Me apasiona pensar que somos la última generación que habrá vivido el antes y el después de Internet. Pienso en muchas ocasiones qué hubiera sido de nosotros y nosotras sin haber dispuesto de una tecnología y unas compañías que nos han traído tanta información, conexión y automatización.

Igualmente pienso qué sucederá el día que alguna de estas empresas, ahora tan boyantes, puedan quebrar. Tradicionalmente, cuando una empresa cerraba, se procedía a la liquidación de sus activos. Un proceso concursal trataba de saldar deudas con sus acreedores a través de la valoración y entrega de edificios, maquinaria, cartera de clientes, etc. Es decir, vender lo que tienen al mejor precio posible para compensar a los que en su día le prestaron dinero para operar e invertir. Como ven, una lógica muy física, si me permiten el término. Nos resulta fácil imaginarnos cómo se produce el intercambio de deuda por esos activos.

Pero, ¿qué pasará el día que Facebook, WhatsApp, Uber o Spotify quiebren? Atesoran una bestialidad de datos, cuyo valor y capacidad de utilización creo que ni ellas mismas son capaces de imaginar. Pero, aún más importante: muchos de estos datos están regulados por normas de protección de índole personal. Es decir, activos con una serie de derechos fundamentales de la ciudadanía implicados. No pueden venderse o subastarse solo al mejor precio posible, dado que hay otros condicionantes. Se nos podría ocurrir, por ejemplo, que los datos que han ido construyendo de sus usuarios y clientes (no siempre la misma persona), pudieran tener que devolverlos a la persona que los creó. Pero esto no es tan fácilmente atribuible. ¿Qué pasa cuando se trate de datos que dependen de una comunidad de usuarios? ¿le damos a todos lo de todos?

Todavía ningún gigante de Internet ha tenido estos problemas.

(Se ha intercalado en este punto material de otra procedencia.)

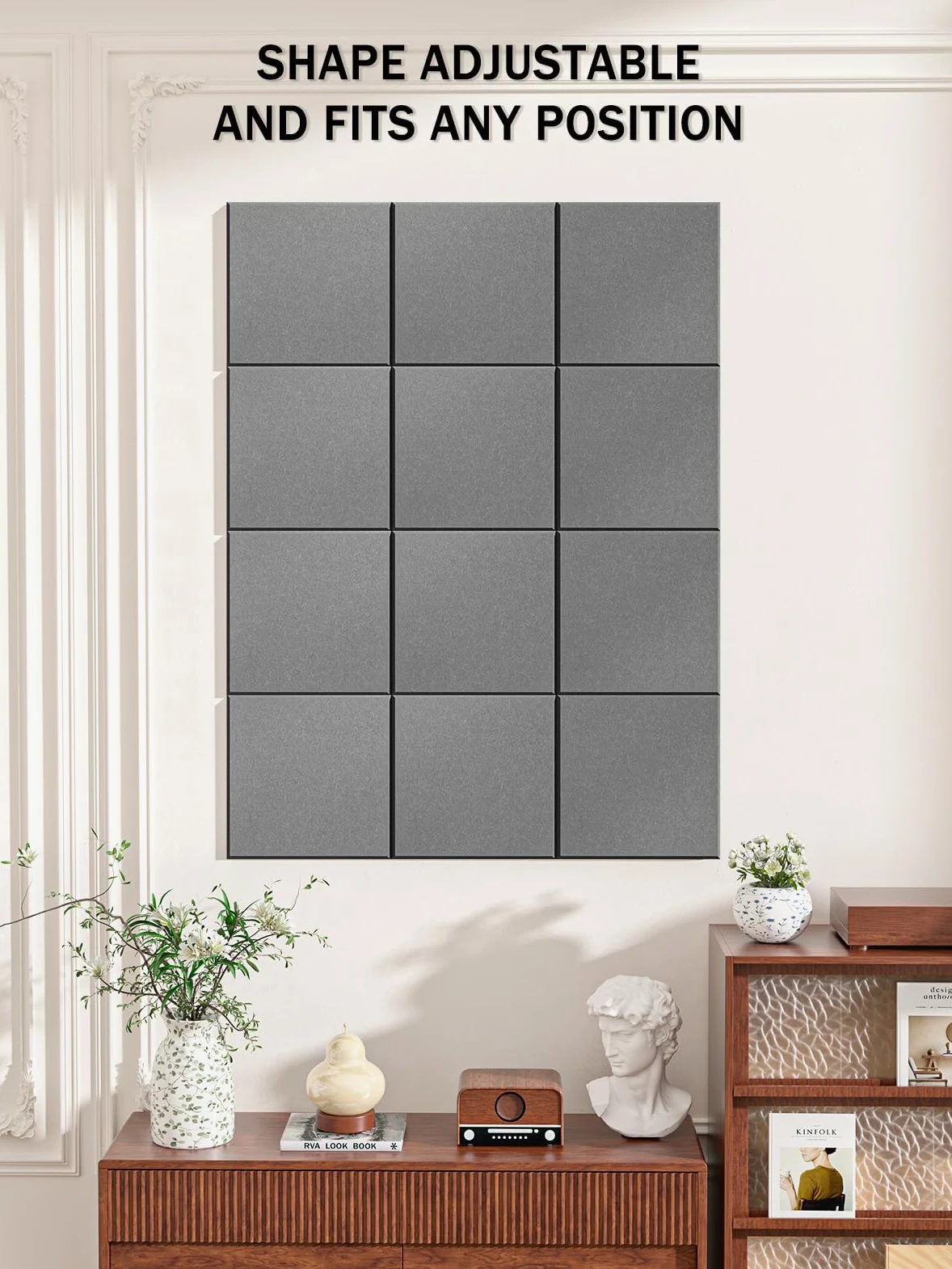 Hsurbtra Bacheca grande in sughero da parete, 119 x 91 cm, confezione da 12 bacheche in feltro con puntine, per ufficio, casa, scuola, fattoria, decorazione da parete, grigio scuro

En nuestro entorno, Tuenti pueda resultar el caso más cercano. Los que crecimos con esta red social, que llegó a plantar cara muy seriamente a Facebook en España, recibimos un día un correo con la información de cierre de la compañía. Ahí teníamos fotografías, comentarios, mensajes, etc. Nos invitaba a descargarnos todo nuestro legado digital. Pero, ¿se habrá borrado de todos los servidores donde llegó a estar? ¿quién más puede tener toda mi juventud subida a Tuenti? No es que quiera ahora dudar del buen hacer de Telefónica -propietaria de Tuenti-, pero sí de la facilidad con la que los datos digitales se reproducen y expanden.

Estas inquietudes me han surgido cuando he sabido que un profesor de New York llamado David Carrol ha demandado a los administradores de Cambridge Analytica -la socia de Facebook en el caso de los perfiles de las elecciones americanas-. Reclama, sin éxito aún, que le entreguen todos los datos que habían recopilado sobre él. Se trata de una demanda de devolución de datos a una empresa quebrada y cerrada. Precisamente, el contexto que introducía al comienzo. La solución está ya en manos de un juez, que puede sentar un precedente que quizás dentro de unas décadas se estudie en los libros de texto: ¿Hasta dónde tenemos los usuarios y clientes digitales derecho a reclamar nuestros datos? ¿Qué responsabilidad tienen las empresas que quiebran en ello?

Son pocas las regulaciones que actualmente existen sobre ello. El Instituto de Contadores Públicos de Inglaterra y Gales, sostiene que, simplemente, se deben congelar. No sé yo si resulta un oxímoron mezclar un activo digital y su congelación, dada su naturaleza ágil, volátil, líquida y veloz.

Quizás entonces nos falte una nueva figura. Por ejemplo, la del acreedor de datos. Un agente que pueda ejercer sus derechos como lo hacen los bancos en estos procesos. No es fácil definir esta figura, claro. Porque entonces, ¿también debiéramos cambiar la relación entre usuario y empresa mientras ésta opere? ¿cómo se establecería el contrato de derechos y responsabilidades?

Como ven, tengo más preguntas que respuestas. De ahí que resulte apasionante pertenecer a esta generación pre y post Internet.